Practical Data Migration Strategies
As organizations mature their IT infrastructure must change to keep up with new applications and technologies. Many times this includes moving data housed in one technology (legacy) to the upgraded or new platform that is being implemented. Depending upon what you are trying to accomplish there are several common steps that can help you be successful when performing data migration.
Step 1 – Data Collection
You begin a data migration project by sourcing your data that you are interested in moving. Tasks within this step include selecting required data from all available data sources, overall data storage needs and connections to the current data.
Often when doing a data migration project the legacy system will contain many tables and columns that are not needed in the new system. To understand what data to migrate you must select the critical data from all available data. Often times the application support team or DBA can start the process by highlighting tables that they know are or are not used in the current system. Create a template that allows you to know what tables exists and of those tables which ones are candidates for migration. In addition, if you have time in your project, you should
document at the column level what columns contain data that are required for migration as well. This template is the basis for your metadata that will be referenced for the migration project. It is also the baseline information for business experts to assist in reviewing to help decide the best data to migrate.
After defining what tables and columns are potential candidates for data migration. You need to determine the overall size required to store this information. Begin by looking on the legacy system at how much storage is currently be utilized for the required data tables. This information will be important to help size the new system that will store the data. Finally you need to understand and document all connections to your legacy data.

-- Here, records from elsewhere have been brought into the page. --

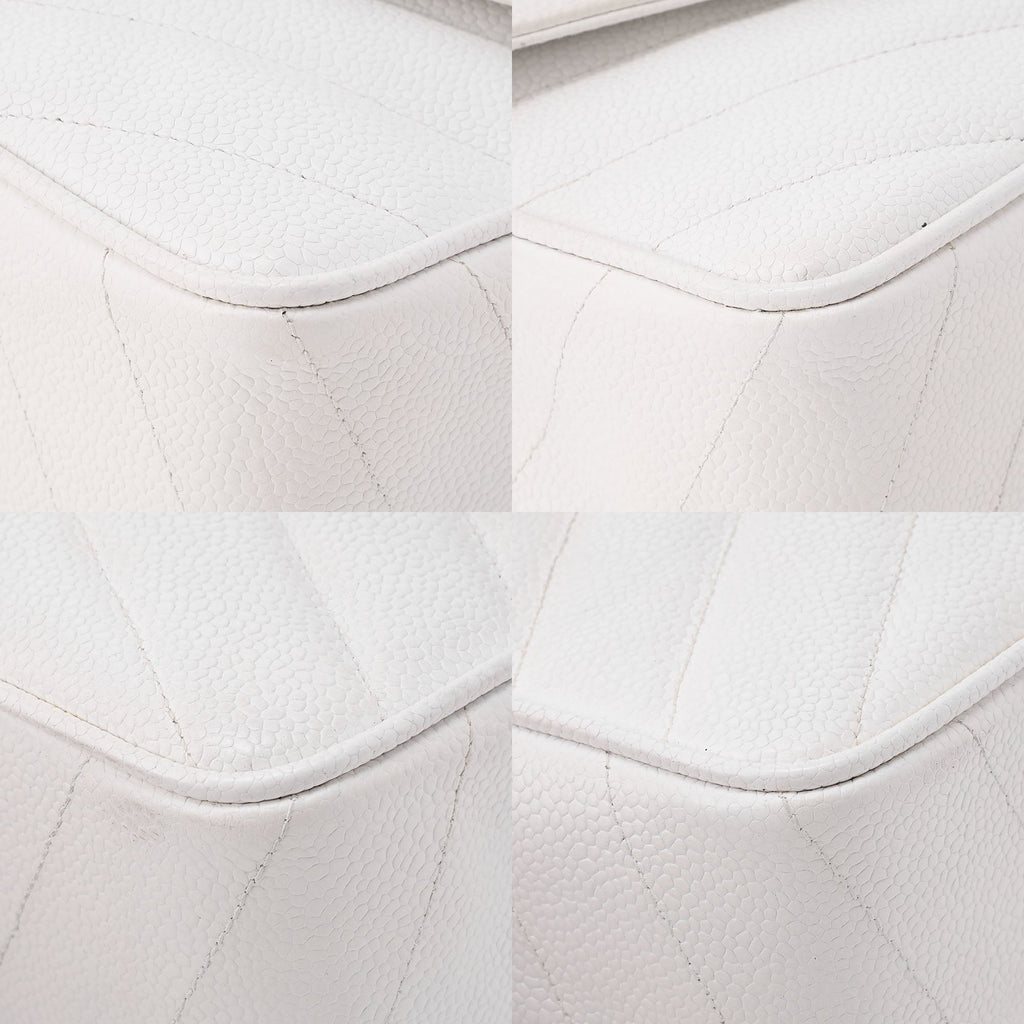 CHANEL Chain Shoulder Bag Mini Matelasse Caviar Skin Chevron White Gold-Tone Hardware, Pre-Owned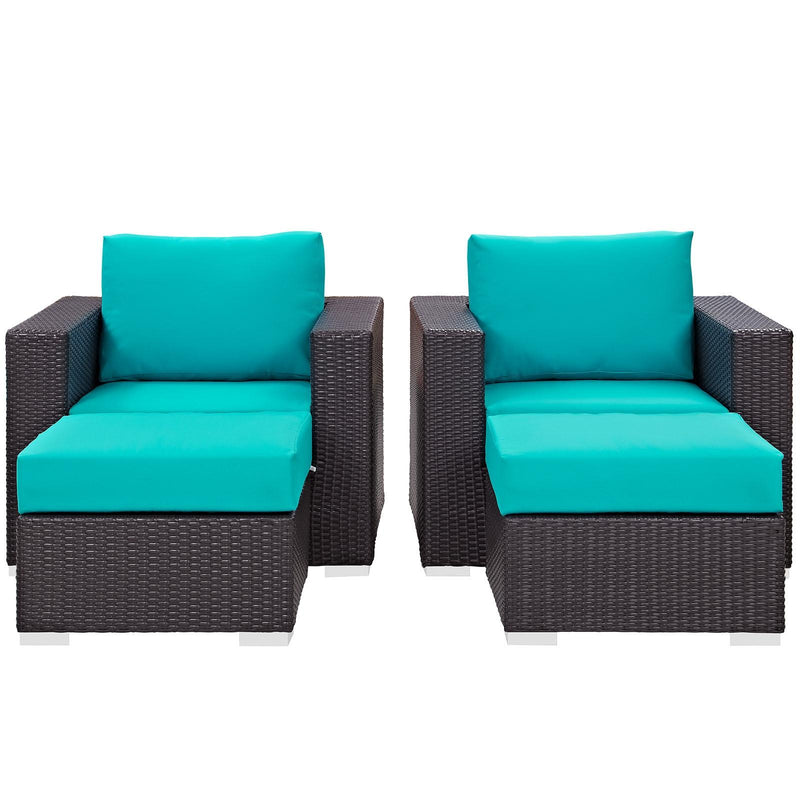 Modway Furniture Outdoor Seating Sets EEI-2202-EXP-TRQ-SET IMAGE 1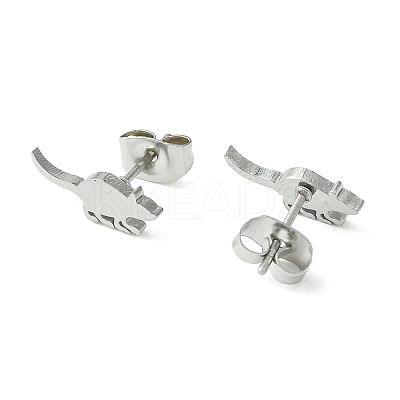 Non-Tarnish Cute Little Animal Theme 304 Stainless Steel Stud Earrings LS-EJEW-B041-03I-P-1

What accounts have permissions and what queries are they running? In the new platform do these accounts need the same access or can you eliminate some access and better understand your access and security controls? Are there some jobs or other systems that only connect to the data on a monthly or quarterly timeframe? After completing these three tasks you are ready to move on to step 2.
Step 2 – Data Analysis
Now that you have collected and organized your metadata to determine what data are candidates to be migrated. You need to do some analysis on the data leveraging the Subject Matter Experts (SMEs) from your business. Work with the SMEs to document what are critical data elements and tables to the business. Perhaps some of the information that was listed as required has data quality issues that are unknown to the business users. How much of the data has null values or a high number of distinct values? One columns that are numeric. What are the minimum and maximum values? Do those values make sense for the data that you are reviewing? What are the most common values that occur in a column? Are there code tables that have values that are not used in the application? These are common questions that should be asked when looking at the data to migrate. To help your focus, look closer at any columns that are critical to business functions and perform closer analysis on them. Fields that are required but not critical should have at least the same basic analysis performed so you have a common baseline. Upon completing the analysis on your data you can move to step 3.
Step 3 – Data Cleansing
After performing the data analysis again work with the (SMEs) to determine what data to clean and to what level. It can take a significant investment to hit 100% data quality. What percentage is “good enough” to clean the data to enable your business to make accurate decisions? For instance, address correction can be done using lookup information from the post office. Knowing that you only have 1 customer at an address and not 3 instances of the same customer at the same address is not as easy. How to determine what data to clean and to what extent will vary by the type of system you are migrating and what you are leveraging the data for. If you are
implementing a new CRM system then having customer data accurate and de-duplicated is a high priority. However, if you are implementing a new manufacturing system that only ships to an address then your data cleansing needs are different. This step can take a lot of effort and time. Leverage Data Quality tools to speed up the process of correcting and cleaning your data. Once you are comfortable with your data quality you can then move to step 4.
Step 4 – Data Movement
There are a variety of ways to move data from legacy sources to new platforms. During this phase you should layout where your data is being moved and in what methods. If you are doing an application migration, you may need to pull data from legacy and store it in new tables that the application can load via its API calls or data load techniques. If you are moving from one database technology to another you can leverage ETL tools or SQL scripts to pull the data from the source system and load into the new system. Regardless of the method you use to move your data. Include in the process, steps that create record metadata for each table that you are migrating. Have the system push this information to a central audit table that stores the table name, record count, beginning date for the migration, end date for the migration. Having these fields will enable you to know exactly how many records were pulled for the table and create an audit log that you can leverage in step 5.
Step 5 – Data Validation
In the data validation step you are ensuring the records that you wanted to migrate have been moved successfully. This would include record counts and data quality enhancements. Start by looking at the output from step 4’s central audit table to review record counts. To check data quality review the data in the new system to see that any corrections to the data during the data quality step was executed as expected. One method to make this process easier is to leverage the information and code you used in the Data Analysis step. Data validation will require many of the same types of queries such as distinct counts, minimum and maximum values that you performed on the legacy system. Also, if the migration was into an application. You need to have unit or functional testing performed to ensure the information was loaded correctly for the system to work correctly.
Summary
Within an organization the data and applications will change as the organization matures. In order to keep up with these changes IT needs to have a process to handle the migration of data from legacy systems to newer applications. Every data migration project is different in size, scope and complexity, however, all projects can leverage the five data migration process steps to ensure they are successful.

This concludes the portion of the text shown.